Humanities West highlights this fundamental shift by focusing on that initial jolt of intellectual energy, even though most of the details have been lost or distorted, and on three exemplars of the Pythagorean emphasis on math and on logic: Philolaus, Archytas and Plato.

The Pythagorean intellectual revolution spread by these early pioneers progressed until the advances in math and in detailed observation reached a critical mass, causing one scientific revolution after another—accomplished by scientists such as Copernicus, Kepler, Galileo, Bacon, Descartes, Newton, Einstein and Heisenberg, who were all influenced by Pythagorean ideas (including the idea of not trusting traditional explanations―even Pythagorean ones).

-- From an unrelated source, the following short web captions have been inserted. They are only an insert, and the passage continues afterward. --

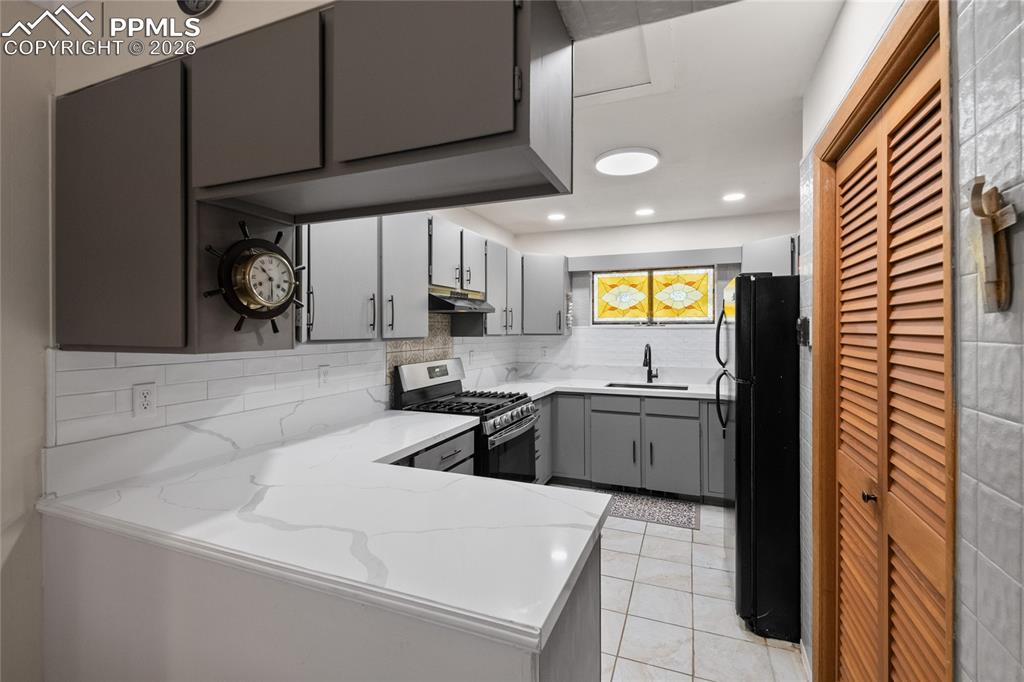 Image 9 of 48: Kitchen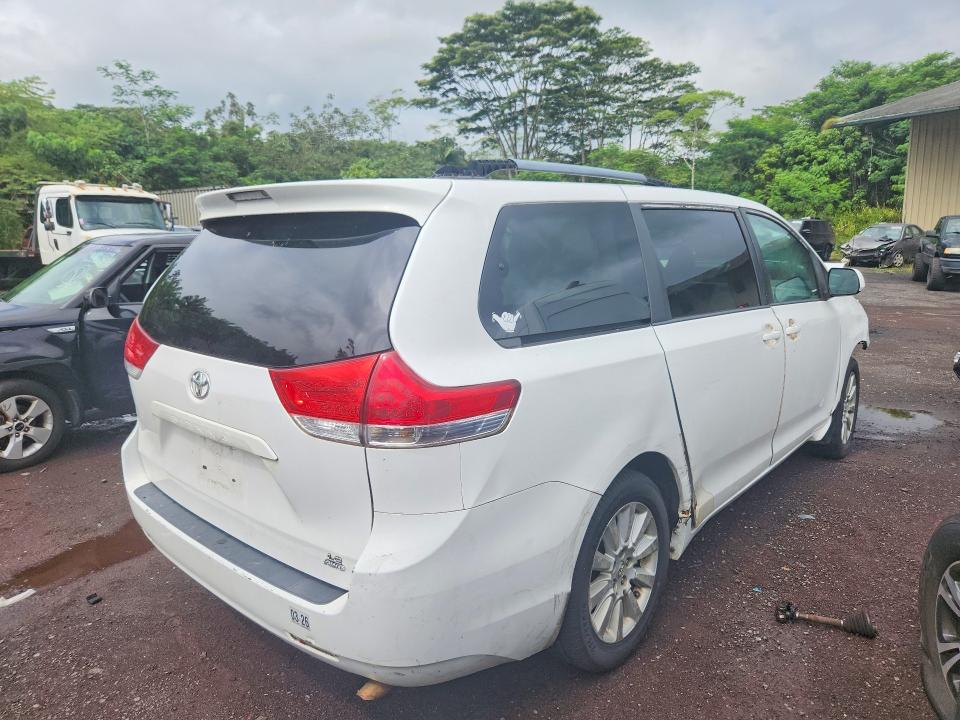 Продажа на аукционе авто 2013 Toyota Sienna, vin: 5TDJK3DC1DS056729, номер лота: 58474876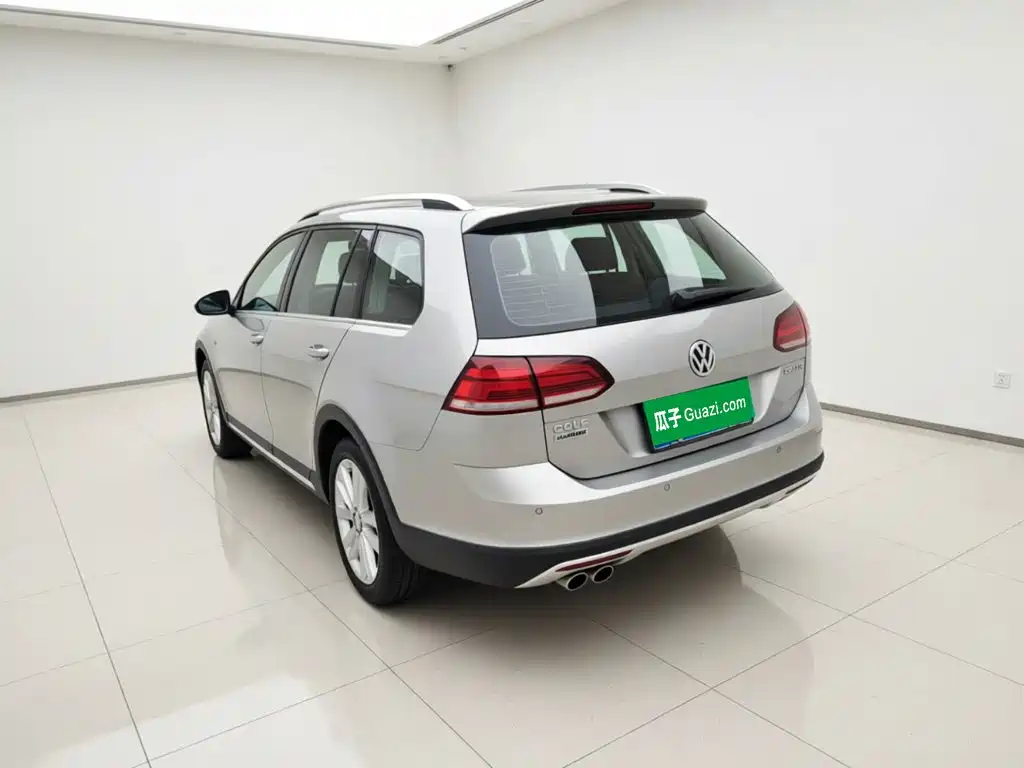 2020 Volkswagen Golf (Import)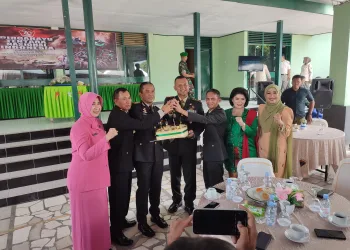 Danyon B Pelopor Satbrimob Polda Sulsel Hadiri Upacara HUT TNI ke-79 di Mako Kodim 1405/Parepare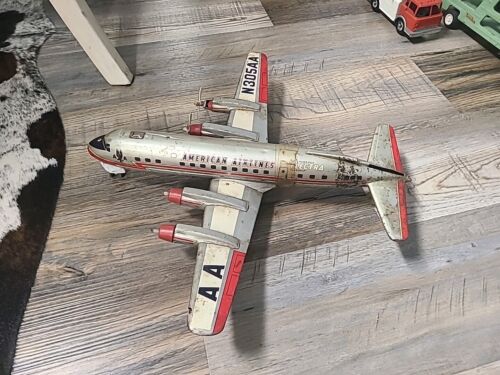 RARO AVIÓN LITOGRÁFICO DE HOJALATA AMERICAN AIRLINES DC-7 BUQUE INSIGNIA CAROLYN N305AA LINEMAR - Imagen 2 de 3
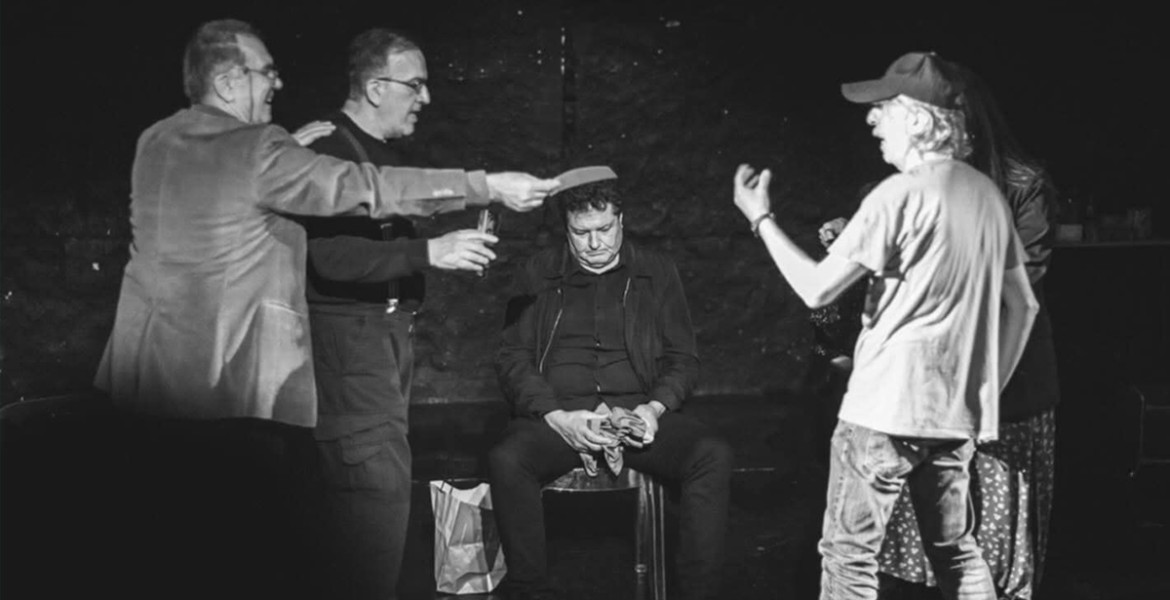 Απόντες του Βασίλη Κατσικονούρη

We know very little about the man Pythagoras and the philosophy he lived by and taught, but the revolutionary influence on human thinking of one great insight, carried forward by such geniuses as Philolaus, Archytas and Plato, has shaped our world ever since. Humanity has only rarely crossed such a threshold.

Kitty Ferguson will speak on "What Do We Really Know about Pythagoras?"; Edward Frenkel will speak on "From Pythagoras to Plato: Philolaus and Archytas"; Joshua Landy will speak on "Plato’s Use of Irony: How does Plato Really Teach us?"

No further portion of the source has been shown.